SE I POLITICI FOSSERO TUTTI RUGBISTI

[Mauro Bergamasco]

Settembre e ottobre sono due mesi di grande rugby con le migliori squadre che si fronteggeranno a muso duro in Inghilterra per i Mondiali (18 settembre – 31 ottobre) e con l’Italia che, pur non avendo un cammino facile, promette di dare battaglia fino alla fine contro le “invincibili“ di sempre. E intanto il movimento cresce sempre di più, facendo breccia in un numero in continua crescita di appassionati. Forse perché gli uomini-guerrieri del rugby incarnano una filosofia di vita sempre più rara a trovarsi in altri contesti, non solo sportivi. Il rugby è uno sport tanto maschio quanto esemplare per rispetto delle regole e dell’avversario. Forse lo sport in assoluto più “cavalleresco”, fondato su un preciso codice d’onore, un inno al fair play e all’etica sportiva, dove le regole non sono regole ma leggi (impossibile vedere, per esempio, un rugbista polemizzare con l’arbitro!) e dove non esistono individualismi, ma solo un gruppo dal quale non si può prescindere se si vuole che la macchina non si inceppi. La fotocopia del calcio, insomma! Non è un caso, quindi, che venga preso a modello anche dal mondo aziendale nel lavoro di team building.
Nel rugby il “terzo tempo”, ci racconta Mauro Bergamasco, uno dei volti storici della nostra Nazionale che a 36 anni continua a essere fra i punti di forza della squadra, esiste davvero. Quel terzo tempo in cui, finita la partita, dopo essersele date di santa ragione in campo, ci si ritrova tutti insieme, magari al ristorante o in un pub, con le squadre e le tifoserie avversarie, per parlare della partita e rilassarsi un po’. Qualcosa di improponibile in molti altri sport più blasonati. Figuriamoci in politica, dove il rispetto degli avversari e in generale delle regole latita. Eccome se latita...

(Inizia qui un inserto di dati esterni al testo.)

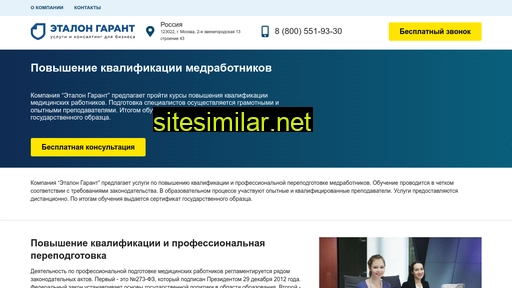 medkurs24.ru alternative sites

Mauro, partiamo da principio. Com’è avvenuto il tuo incontro con il rugby?
«Vengo da una famiglia di rugbisti (il padre Arturo, vanta quattro presenze in Nazionale negli anni 70 e anche il fratello Mirco è un rugbista come lui di fama internazionale, ndr), avevo cinque anni ed è stato allora che è scattata la molla».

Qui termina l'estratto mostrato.